No image is to be carried over; reproduce the rest of the listing word for word.

* Provided material:
╭──

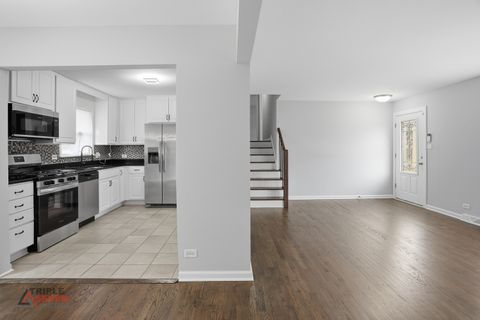 Tiny photo for 5500 W 83rd Place, Burbank, IL 60459 (MLS # 12596296)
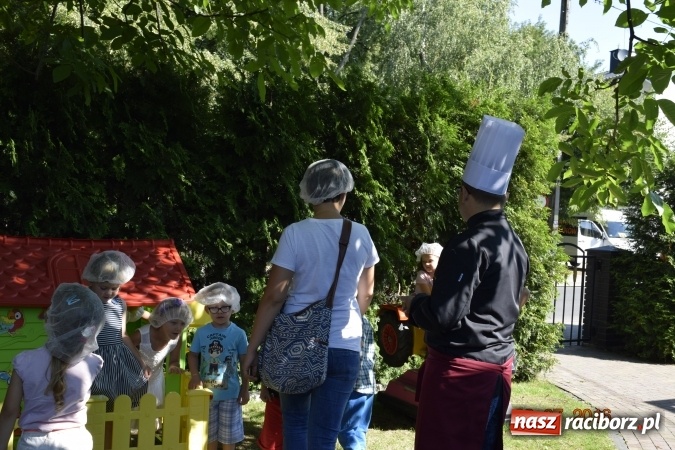 Zdjęcie w galerii na portalu naszraciborz.pl: Raciborskie przedszkolaki odwiedziły Lodziarnię pod Orzechem w Baborowie wiadomości z regionu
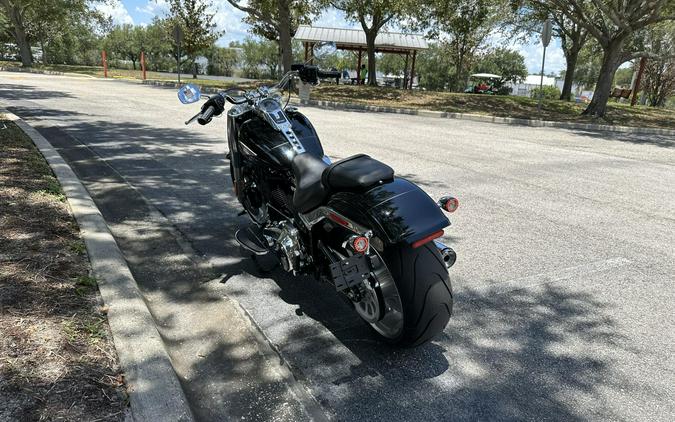 2026 Harley-Davidson® Fat Boy® Vivid Black Chrome Trim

╰──

* Response to this task:
 Tiny photo for 5500 W 83rd Place, Burbank, IL 60459 (MLS # 12596296)
 Zdjęcie w galerii na portalu naszraciborz.pl: Raciborskie przedszkolaki odwiedziły Lodziarnię pod Orzechem w Baborowie wiadomości z regionu
 2026 Harley-Davidson® Fat Boy® Vivid Black Chrome Trim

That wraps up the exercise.